(A intersect B)' proof

[kathrynag]

Homework Statement

I need to prove or disprove:
(AintersectB)'=A'intersectB'

Homework Equations

The Attempt at a Solution

Let x$$\in$$(A$$\cap$$B)'
Then x$$\notin$$A$$\cap$$B
x$$\notin$$A or x$$\notin$$B
Then x$$\in$$A' or x$$\in$$B'
x$$\in$$A'$$\cup$$B'

 

[VeeEight]

x is not an element of A intersection B means that x is not a common element of A and B. So you want to look at how you went from line 2 to line 3. You might want to try some examples to see what is happening, like A = (0,1), B = [0,1] (as a subset of the reals).

 

[kathrynag]

x is not an element of A intersection B means that x is not a common element of A and B. So you want to look at how you went from line 2 to line 3. You might want to try some examples to see what is happening, like A = (0,1), B = [0,1] (as a subset of the reals).

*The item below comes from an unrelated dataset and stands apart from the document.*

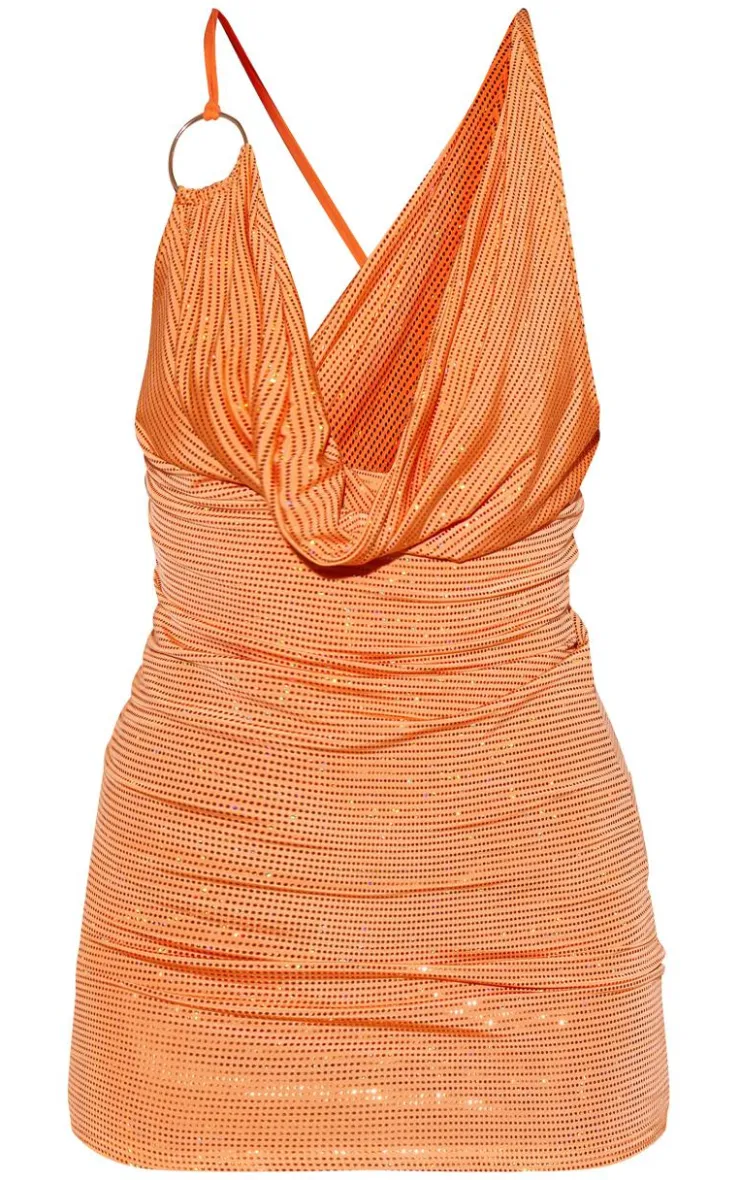 Textured Glitter Ring Detail Cowl Neck Bodycon Dress-PrettyLittleThing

Ok I typed line 2 and 3 wrong
Then x$$\notin$$A$$\cup$$B
x$$\notin$$A or x$$\notin$$B

 

[kathrynag]

Let A={1,2,3}
B={3,4} universe={1,2,3,4,5,6}
(A intersect B)={3}
(A intersect B)'={1,2,4,5,6}

A'={4,5,6}
B'={1,2,5,6}
A'intersectB'={5,6}

 

[kittybobo1]

You might want to check your 'ors' and 'ands'. If you have the union of (1,2,3) U (4,5,6), then given any x, that would mean that x is in (1,2,3) or (4,5,6), right? What about for intersections? Your proof is almost right..

 

[kathrynag]

Homework Statement

I need to prove or disprove:
(AintersectB)'=A'intersectB'

Homework Equations

The Attempt at a Solution

Let x$$\in$$(A$$\cap$$B)'
Then x$$\notin$$A$$\cap$$B
x$$\notin$$A or x$$\notin$$B
Then x$$\in$$A' or x$$\in$$B'
x$$\in$$A'$$\cup$$B'

Let A={1,2,3}
B={3,4} universe={1,2,3,4,5,6}
(A intersect B)={3}
(A intersect B)'={1,2,4,5,6}

A'={4,5,6}
B'={1,2,5,6}
A'intersectB'={5,6}

So, x$$\notin$$A$$\cap$$B.
This implies x$$\notin$${3}
So,x$$\in$${1,2,4,5,6}
Would this mean x$$\in$$A' or x$$\in$$B'?

 

[kathrynag]

Homework Statement

I need to prove or disprove:
(AintersectB)'=A'intersectB'

Homework Equations

The Attempt at a Solution

Let x$$\in$$(A$$\cap$$B)'
Then x$$\notin$$A$$\cap$$B
x$$\notin$$A or x$$\notin$$B
Then x$$\in$$A' or x$$\in$$B'
x$$\in$$A'$$\cup$$B'

Ok so x$$\notin$$A and x$$\notin$$B.
Then x$$\in$$A' and x$$\in$$B'.
x$$\in$$A'$$\cup$$B'

 

[kittybobo1]

well, no, you had it right using the 'or's. I just wasn't sure if moving from line 2 to line 3 you understood what you were doing or if you were formulating it to make your answer right.

 

[kathrynag]

Ok, then did I go wrong somewhere in my proof? Should I have said x$$\notin$$A and x$$\notin$$B. Then if I went on from there, I could get a right conclusion?

 

[natives]

If you don't care what method..You can use VENN DIAGRAMS!

 

[pizzasky]

Let A = {1,2,3} , B = {3,4} , universe = {1,2,3,4,5,6}

$$A \cap B$$ = {3}
$$(A \cap B)'$$ = {1,2,4,5,6}

A' = {4,5,6}
B' = {1,2,5,6}
$$A' \cap B'$$ = {5,6}

This counterexample should tell you that the statement $$(A \cap B)' = A' \cap B'$$ is not true!

 

[cristo]

If you don't care what method..You can use VENN DIAGRAMS!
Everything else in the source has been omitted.